How Spark on AWS helps Big Data
WHAT SPARK IS ABOUT
Apache Spark is an open-source big data processing framework built around speed, easy to use, and sophisticated analytics. It was first developed in 2009 in UC Berkeley’s AMPLab, and open sourced in 2010 as an Apache project.
Spark has many advantages compared to other Big Data and MapReduce technologies like Hadoop and Storm.
Firstly, Spark gives us a comprehensive, united framework to manage big data processing requirements with a wide variety of data sets that are diverse in nature.
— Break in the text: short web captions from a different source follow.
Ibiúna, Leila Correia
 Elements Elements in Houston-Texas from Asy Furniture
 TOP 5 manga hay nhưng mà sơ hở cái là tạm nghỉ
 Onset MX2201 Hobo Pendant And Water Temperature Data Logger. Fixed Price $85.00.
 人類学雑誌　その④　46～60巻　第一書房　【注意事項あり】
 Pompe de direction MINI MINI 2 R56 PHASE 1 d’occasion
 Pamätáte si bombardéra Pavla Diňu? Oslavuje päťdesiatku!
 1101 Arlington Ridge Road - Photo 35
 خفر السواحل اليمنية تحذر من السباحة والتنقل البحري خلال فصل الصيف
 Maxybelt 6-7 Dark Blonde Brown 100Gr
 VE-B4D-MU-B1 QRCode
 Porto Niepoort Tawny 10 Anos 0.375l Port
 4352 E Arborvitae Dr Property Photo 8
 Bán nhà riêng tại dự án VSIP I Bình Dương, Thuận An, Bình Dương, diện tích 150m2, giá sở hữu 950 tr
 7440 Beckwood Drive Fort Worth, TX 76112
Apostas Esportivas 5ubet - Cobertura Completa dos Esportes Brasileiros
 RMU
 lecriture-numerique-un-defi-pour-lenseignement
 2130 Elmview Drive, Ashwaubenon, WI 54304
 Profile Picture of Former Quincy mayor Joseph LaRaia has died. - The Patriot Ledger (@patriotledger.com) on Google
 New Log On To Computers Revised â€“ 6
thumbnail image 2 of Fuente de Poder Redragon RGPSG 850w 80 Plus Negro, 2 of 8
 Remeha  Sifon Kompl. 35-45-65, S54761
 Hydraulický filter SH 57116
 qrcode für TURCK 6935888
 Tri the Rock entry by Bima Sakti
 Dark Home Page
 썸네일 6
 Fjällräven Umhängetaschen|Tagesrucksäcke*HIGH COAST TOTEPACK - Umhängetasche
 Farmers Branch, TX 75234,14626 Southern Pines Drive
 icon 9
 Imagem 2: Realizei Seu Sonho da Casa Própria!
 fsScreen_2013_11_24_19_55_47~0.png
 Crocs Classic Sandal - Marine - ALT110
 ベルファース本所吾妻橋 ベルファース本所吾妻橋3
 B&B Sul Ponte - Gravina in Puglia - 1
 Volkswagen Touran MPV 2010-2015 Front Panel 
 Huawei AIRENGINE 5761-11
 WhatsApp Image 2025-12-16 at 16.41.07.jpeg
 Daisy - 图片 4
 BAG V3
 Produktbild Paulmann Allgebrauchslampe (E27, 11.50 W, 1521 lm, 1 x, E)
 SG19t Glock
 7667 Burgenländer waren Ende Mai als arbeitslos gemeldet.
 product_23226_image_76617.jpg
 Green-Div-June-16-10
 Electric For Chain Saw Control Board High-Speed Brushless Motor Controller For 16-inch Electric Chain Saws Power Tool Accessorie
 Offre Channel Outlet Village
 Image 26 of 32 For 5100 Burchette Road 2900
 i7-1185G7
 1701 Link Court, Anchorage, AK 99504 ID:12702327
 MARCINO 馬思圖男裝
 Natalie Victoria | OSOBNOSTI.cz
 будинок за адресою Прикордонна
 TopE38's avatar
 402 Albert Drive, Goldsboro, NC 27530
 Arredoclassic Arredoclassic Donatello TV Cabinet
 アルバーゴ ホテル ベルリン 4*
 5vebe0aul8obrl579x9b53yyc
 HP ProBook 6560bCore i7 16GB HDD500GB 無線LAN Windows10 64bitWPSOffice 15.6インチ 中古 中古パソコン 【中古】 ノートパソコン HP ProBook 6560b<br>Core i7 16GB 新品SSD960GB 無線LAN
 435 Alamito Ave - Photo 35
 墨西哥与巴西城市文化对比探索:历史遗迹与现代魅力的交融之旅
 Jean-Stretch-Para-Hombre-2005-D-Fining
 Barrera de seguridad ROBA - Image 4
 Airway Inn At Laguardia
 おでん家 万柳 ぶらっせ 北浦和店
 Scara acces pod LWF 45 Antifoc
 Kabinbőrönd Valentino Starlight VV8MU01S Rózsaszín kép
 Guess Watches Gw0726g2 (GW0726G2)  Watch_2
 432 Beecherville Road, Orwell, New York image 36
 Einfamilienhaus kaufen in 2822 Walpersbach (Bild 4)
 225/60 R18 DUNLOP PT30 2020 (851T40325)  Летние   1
Spark endows applications in Hadoop clusters to run 100 times faster in memory and 10 times faster even when running on disk. Spark lets the user to quickly write the applications in Java, Scala, or Python.
FEATURES OF SPARK
Spark takes MapReduce to the next level with reasonable shuffles in the data processing. With capabilities like in-memory data storage and real-time processing, the performance is several times faster than the other big data technologies.
Spark also supports the assessment of big data queries, which helps in optimizing the steps in data processing workflows. It also provides a higher level API to improve the developer’s productivity and a consistent architect model for big data solutions.
Spark holds intermediate results in memory rather than writing them in disk which is very useful especially when the user needs to work on the same dataset for multiple times. Spark operators and performs external operations when data does not fit in the memory.
Spark will try to store as much as data in memory and then will discharge it to the disk. It can also store part of the data set in memory and the remaining data on the disk. The developer has to look at their data and use cases to estimate the memory requirements.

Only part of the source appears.